# DATA SEGMENT:
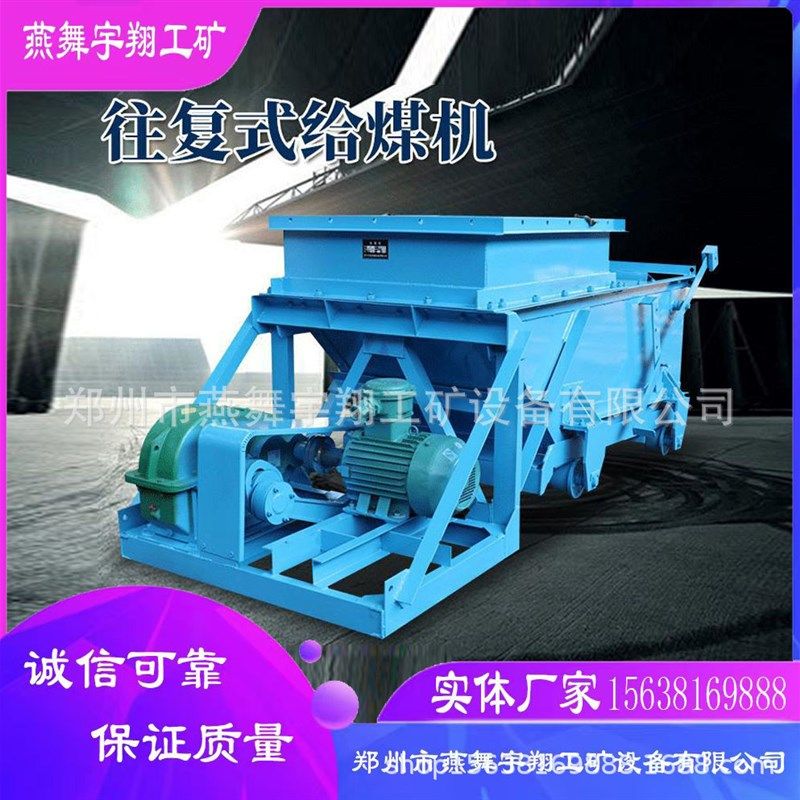 厂家直供给煤机往复式给煤机煤块槽式隔爆往复式煤矿给煤机型号齐,机械设备,矿山专用设备,淘宝优惠券,粉丝福利购,淘宝优惠卷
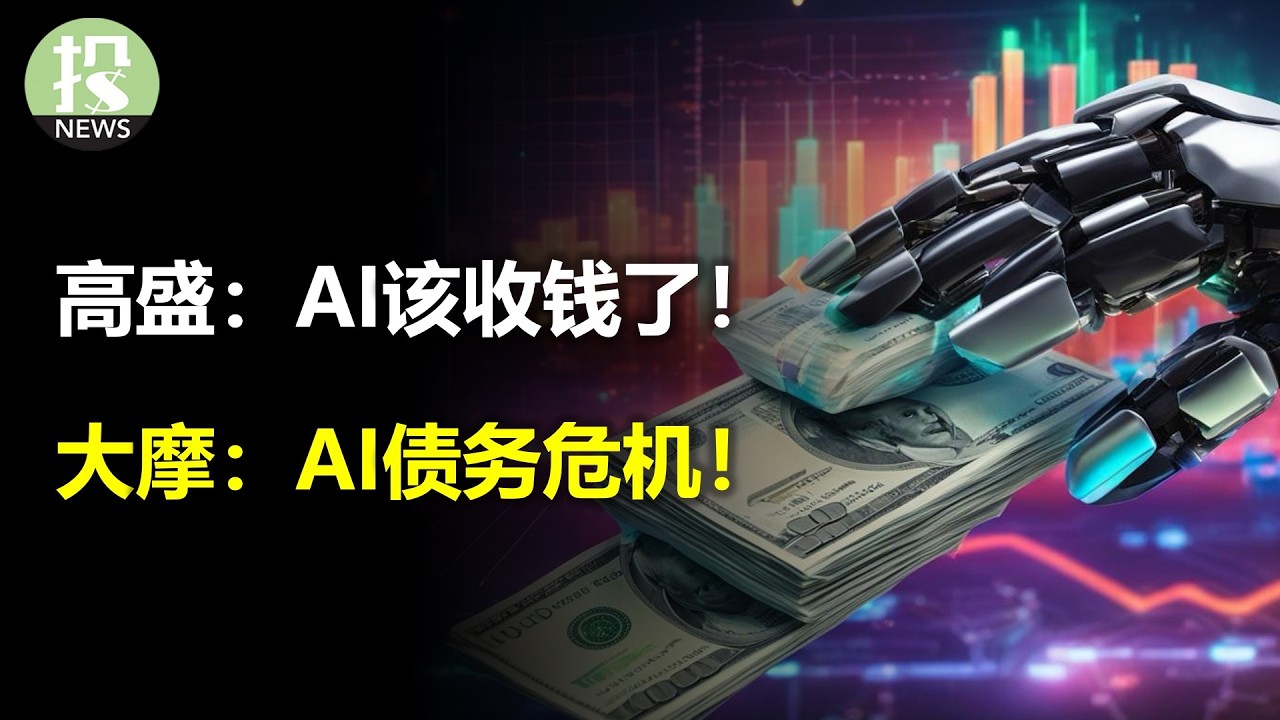 高盛：AI该收钱了！大摩：AI债务危机！美银：AI年底就熊市！
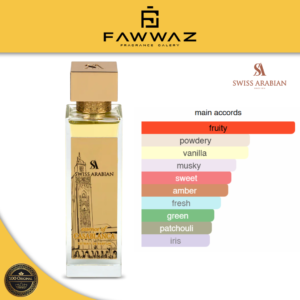 Swiss Arabian Essence of Casablanca 1404 Eau De Parfum SA 100 ml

# EXERCISE:
The output is the data above, repeated exactly, with pictures omitted.

# SOLVED EXERCISE:
 厂家直供给煤机往复式给煤机煤块槽式隔爆往复式煤矿给煤机型号齐,机械设备,矿山专用设备,淘宝优惠券,粉丝福利购,淘宝优惠卷
 高盛：AI该收钱了！大摩：AI债务危机！美银：AI年底就熊市！
 Swiss Arabian Essence of Casablanca 1404 Eau De Parfum SA 100 ml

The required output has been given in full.